Every record must be written out once more, with nothing added or omitted.

> [Provided data]:
*** Block opens ***

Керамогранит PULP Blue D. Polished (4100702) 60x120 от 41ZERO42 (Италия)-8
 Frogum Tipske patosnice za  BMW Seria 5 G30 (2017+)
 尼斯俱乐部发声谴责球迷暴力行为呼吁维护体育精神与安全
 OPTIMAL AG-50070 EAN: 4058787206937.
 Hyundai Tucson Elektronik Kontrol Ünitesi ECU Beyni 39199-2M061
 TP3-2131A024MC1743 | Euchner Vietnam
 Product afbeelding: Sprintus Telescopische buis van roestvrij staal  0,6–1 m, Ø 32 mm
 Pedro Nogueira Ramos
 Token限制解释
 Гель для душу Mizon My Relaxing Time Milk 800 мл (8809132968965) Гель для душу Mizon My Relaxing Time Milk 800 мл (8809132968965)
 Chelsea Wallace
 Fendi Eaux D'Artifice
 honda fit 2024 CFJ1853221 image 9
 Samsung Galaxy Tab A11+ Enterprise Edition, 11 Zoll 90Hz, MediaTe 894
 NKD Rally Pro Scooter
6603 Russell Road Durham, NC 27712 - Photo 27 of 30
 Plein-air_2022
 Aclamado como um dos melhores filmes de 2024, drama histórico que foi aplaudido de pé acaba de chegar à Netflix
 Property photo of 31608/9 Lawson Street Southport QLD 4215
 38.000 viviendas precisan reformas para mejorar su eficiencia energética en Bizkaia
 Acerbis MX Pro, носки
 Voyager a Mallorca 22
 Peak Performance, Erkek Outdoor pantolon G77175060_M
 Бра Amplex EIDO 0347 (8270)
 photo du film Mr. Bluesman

*** Block closes ***

> [Written solution]:
Керамогранит PULP Blue D. Polished (4100702) 60x120 от 41ZERO42 (Италия)-8
 Frogum Tipske patosnice za  BMW Seria 5 G30 (2017+)
 尼斯俱乐部发声谴责球迷暴力行为呼吁维护体育精神与安全
 OPTIMAL AG-50070 EAN: 4058787206937.
 Hyundai Tucson Elektronik Kontrol Ünitesi ECU Beyni 39199-2M061
 TP3-2131A024MC1743 | Euchner Vietnam
 Product afbeelding: Sprintus Telescopische buis van roestvrij staal  0,6–1 m, Ø 32 mm
 Pedro Nogueira Ramos
 Token限制解释
 Гель для душу Mizon My Relaxing Time Milk 800 мл (8809132968965) Гель для душу Mizon My Relaxing Time Milk 800 мл (8809132968965)
 Chelsea Wallace
 Fendi Eaux D'Artifice
 honda fit 2024 CFJ1853221 image 9
 Samsung Galaxy Tab A11+ Enterprise Edition, 11 Zoll 90Hz, MediaTe 894
 NKD Rally Pro Scooter
6603 Russell Road Durham, NC 27712 - Photo 27 of 30
 Plein-air_2022
 Aclamado como um dos melhores filmes de 2024, drama histórico que foi aplaudido de pé acaba de chegar à Netflix
 Property photo of 31608/9 Lawson Street Southport QLD 4215
 38.000 viviendas precisan reformas para mejorar su eficiencia energética en Bizkaia
 Acerbis MX Pro, носки
 Voyager a Mallorca 22
 Peak Performance, Erkek Outdoor pantolon G77175060_M
 Бра Amplex EIDO 0347 (8270)
 photo du film Mr. Bluesman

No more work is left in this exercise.